Personally, I have to accept Ferguson’s authority on this, but the Naked Capitalism commentariat being what it is, perhaps readers will be able to comment on the “latent instrumental variable” approach.
The 2016 Election
One more conclusion that Ferguson et al. draw is that yes, we do live in an oligarchy (although factional conflicts take place among oligarchs:
We demonstrated, for example, that the 1% — defined quite carefully – dominated both major parties; at the same time, however, our results once again directly confirmed the huge differences in the extent to which specific sectors and blocs of firms within big business differentially support Democrats or Republicans. The results point up the futility of trying to underst and the dynamics of American politics without reference to investor coalitions and strongly support a broad investment approach to party competition. We showed that the case of the Tea Party was no different by tracking the rates of support for its candidates within business as a whole but, most importantly, within big business. Claims that major American businesses do not financially support Tea Party candidates are plainly false.
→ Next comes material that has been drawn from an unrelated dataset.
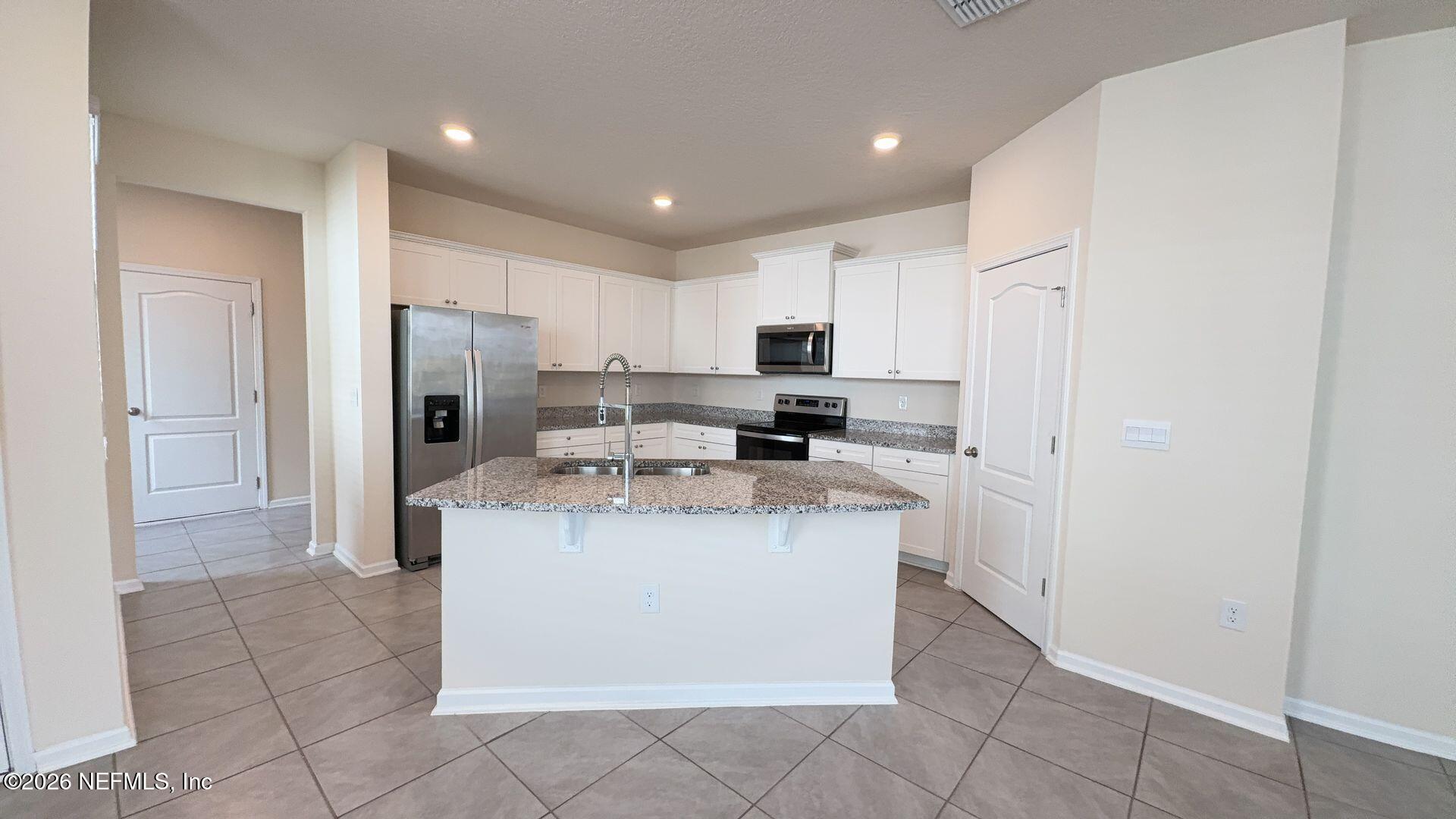 144 Redbud Road Palm Coast, FL 32137 - Photo 8 of 29 a kitchen with a refrigerator a stove top oven and a sink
I’m not sure whether Ferguson’s results for House (and Senate) races translate directly to Presidential races. However, it would seem to me that at least in 2016, the relationship between money and electoral success has not been linear. After all, how much did George Bush blow? $270 million? And while Clinton is far better funded than Trump, it’s not at all clear that she’s getting any kind of bang for the buck. Perhaps candidate quality is a wild card at the Presidential level.
 Well, well. I remember raising this issue in 2008, and being scoffed at. It would be interesting to know if the same techniques were used by the Trump campaign, which just came out with a small donors story, and, to be fair, whether they were used by Clinton or even Sanders.